If you're formulating a "set theory" and you allow sets to arbitrarily* self-reference, then you end up with Russell's paradox. (*I just learned today about Quine atoms. While they are not allowed in ZF, they allow for self-reference and don't have to allow for Russell's paradox, so perhaps self-reference is okay, sometimes.)
A solution is the axiom of foundation, which forbids such self-referential sets.
Now consider this:
The Gödel sentence is designed to refer, indirectly, to itself. The sentence states that, when a particular sequence of steps is used to construct another sentence, that constructed sentence will not be provable in F. However, the sequence of steps is such that the constructed sentence turns out to be GF itself. In this way, the Gödel sentence GF indirectly states its own unprovability within F (Smith 2007, p. 135).
In the case of Russell's paradox, adding an axiom to disallow self-reference prevented the sentence from being formed.
Similarly, is there an axiom we can introduce that disallows Gödel sentences from being formed?
No. Adding axioms can never prevent a construction from being carried out.
On a related note, you can never resolve a contradiction by adding more axioms. (in fact, if you have a contradiction in a theory, any new axioms you might consider adding are already theorems, by the principle of explosion!)

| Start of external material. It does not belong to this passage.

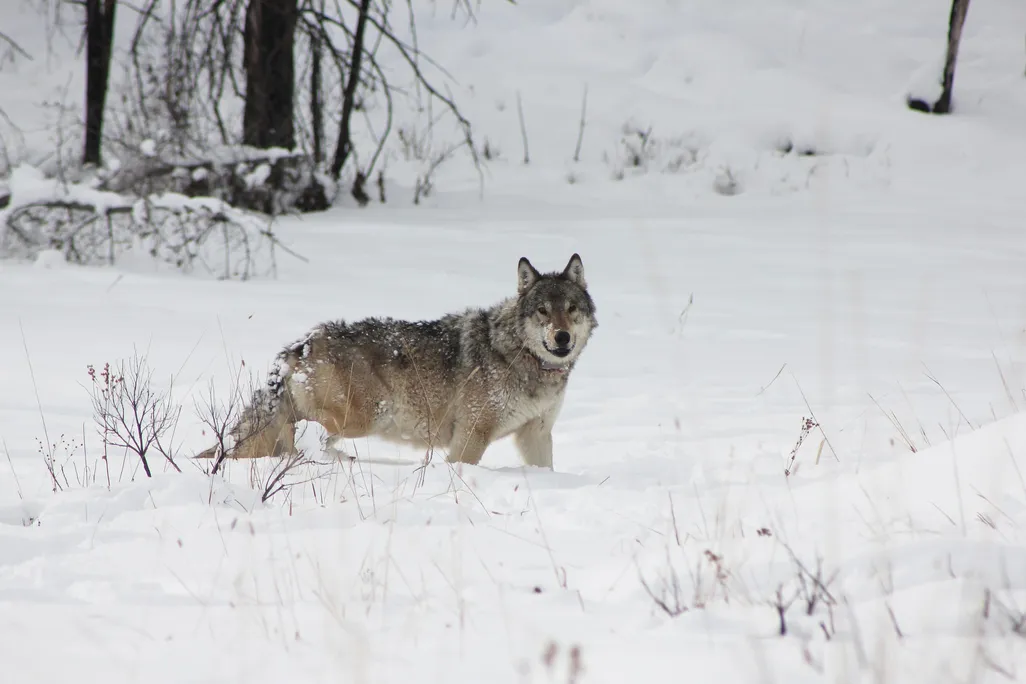 Wolf standing in snow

The key element to resolving Russell's paradox is not adding the axiom of foundation — it is removing the axiom of unrestricted comprehension, and replacing it with the more limited axiom of subsets.

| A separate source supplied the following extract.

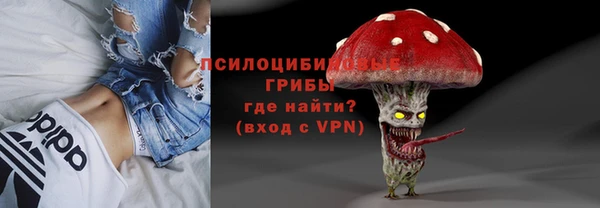 шишки Абдулино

Russell's paradox relies on having the axiom of unrestricted comprehension which implies that $\{ x \mid x \notin x \}$ is a set. If you add the axiom of foundation... the axiom of unrestricted comprehension still implies that $\{ x \mid x \notin x \}$ is a set.
But if you remove the axiom of unrestricted comprehension? In ZFC, there is no known proof that $\{ x \mid x \notin x \}$ is a set. And therefore, there is no known way to turn Russell's argument (which proves $\{ x \mid x \notin x \}$ is not a set) into a proof that ZFC leads to contradiction.